[[ Material supplied open ]]

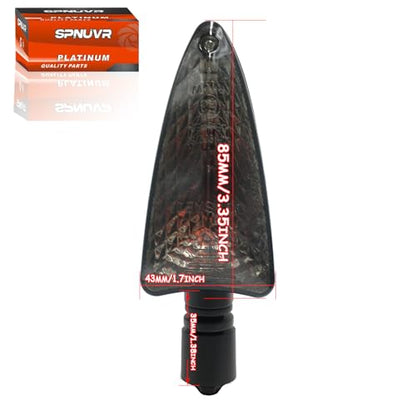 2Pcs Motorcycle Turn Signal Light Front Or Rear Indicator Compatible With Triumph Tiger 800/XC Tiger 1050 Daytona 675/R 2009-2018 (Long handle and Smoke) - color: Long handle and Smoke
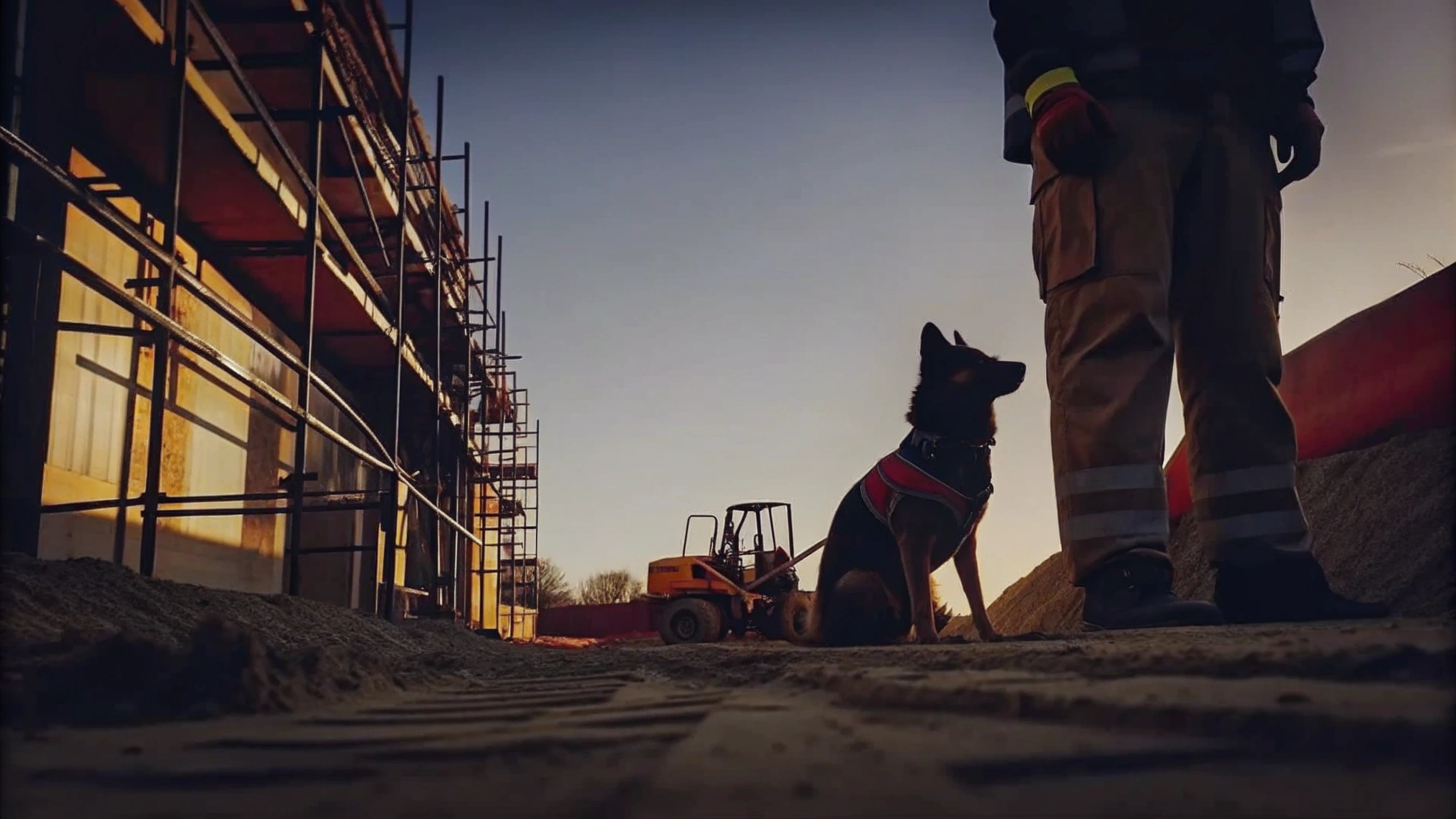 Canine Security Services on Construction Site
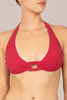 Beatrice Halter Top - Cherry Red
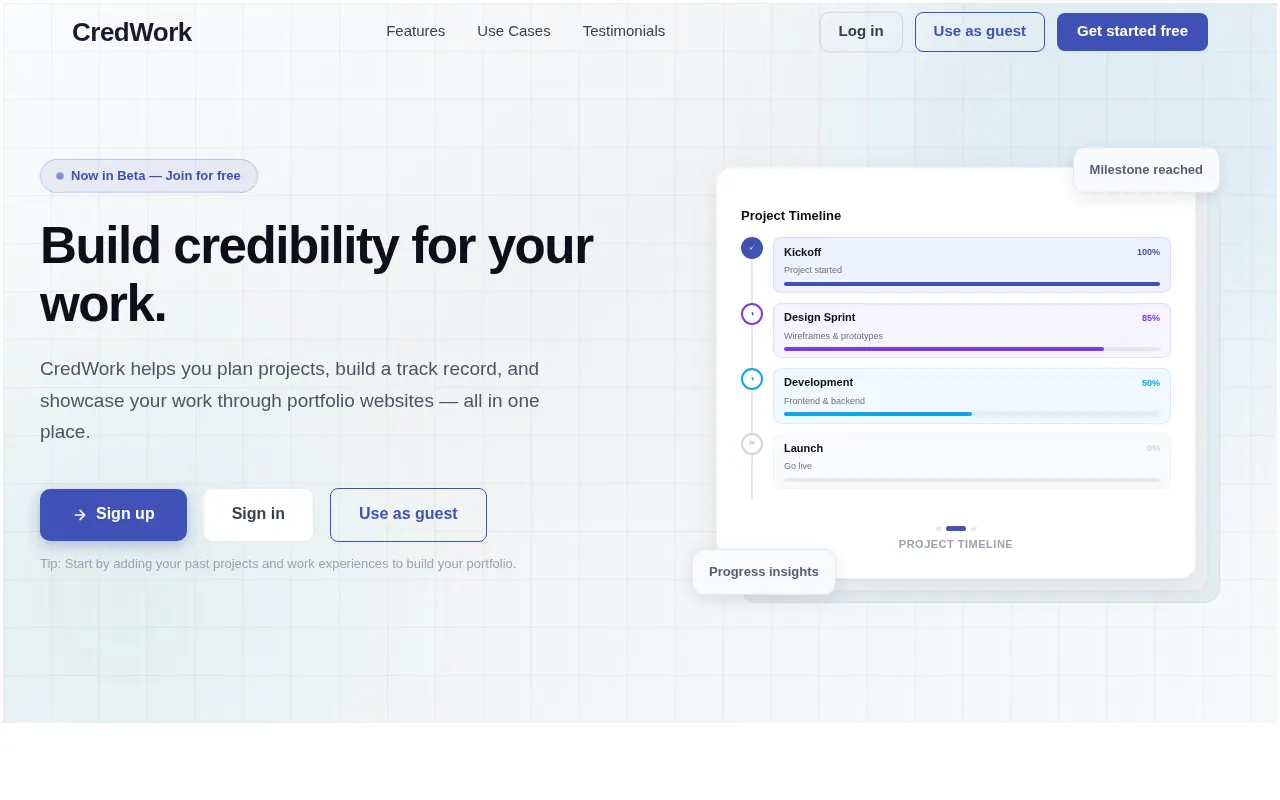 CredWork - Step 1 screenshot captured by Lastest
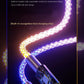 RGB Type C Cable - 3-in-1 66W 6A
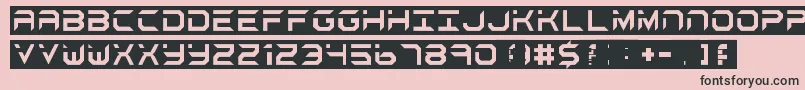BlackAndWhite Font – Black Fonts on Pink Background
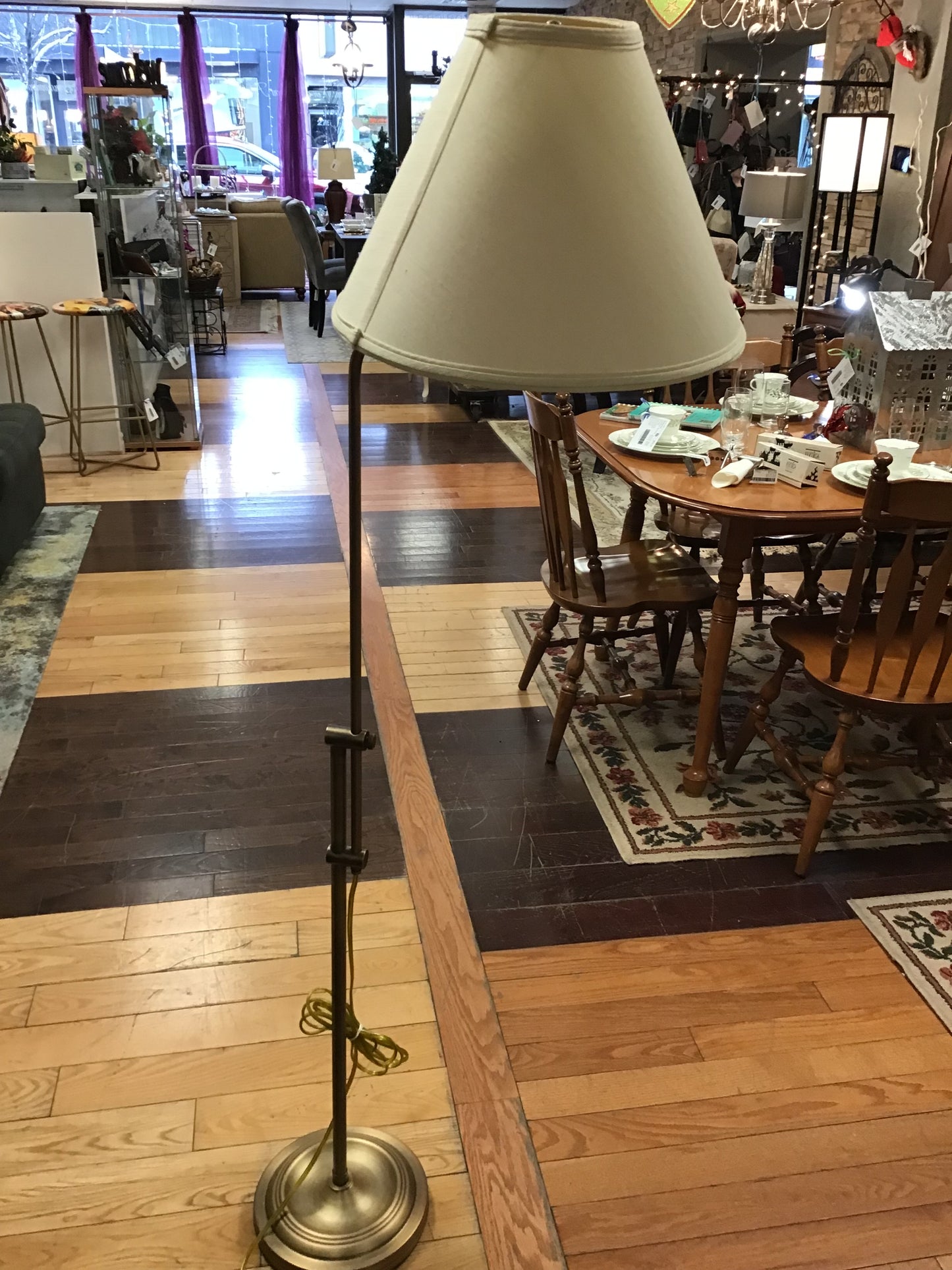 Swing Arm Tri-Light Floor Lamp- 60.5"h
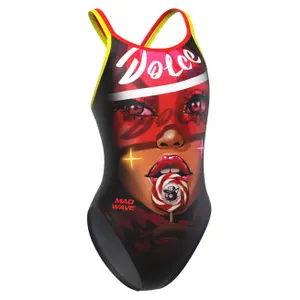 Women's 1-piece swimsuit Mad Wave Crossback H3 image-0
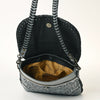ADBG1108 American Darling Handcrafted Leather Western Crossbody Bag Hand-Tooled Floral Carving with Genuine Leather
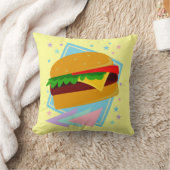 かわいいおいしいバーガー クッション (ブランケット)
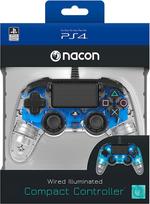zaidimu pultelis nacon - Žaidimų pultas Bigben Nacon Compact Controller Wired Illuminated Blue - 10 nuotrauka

[[ Material supplied closed ]]

▸ **Directions for this task**
Set down all of the entries precisely and keep the pictures out of the copy.

▸ **Task output**
 2Pcs Motorcycle Turn Signal Light Front Or Rear Indicator Compatible With Triumph Tiger 800/XC Tiger 1050 Daytona 675/R 2009-2018 (Long handle and Smoke) - color: Long handle and Smoke
 Canine Security Services on Construction Site
 Beatrice Halter Top - Cherry Red
 CredWork - Step 1 screenshot captured by Lastest
 RGB Type C Cable - 3-in-1 66W 6A
BlackAndWhite Font – Black Fonts on Pink Background
 Swing Arm Tri-Light Floor Lamp- 60.5"h
 Women's 1-piece swimsuit Mad Wave Crossback H3 image-0
ADBG1108 American Darling Handcrafted Leather Western Crossbody Bag Hand-Tooled Floral Carving with Genuine Leather
 かわいいおいしいバーガー クッション (ブランケット)
zaidimu pultelis nacon - Žaidimų pultas Bigben Nacon Compact Controller Wired Illuminated Blue - 10 nuotrauka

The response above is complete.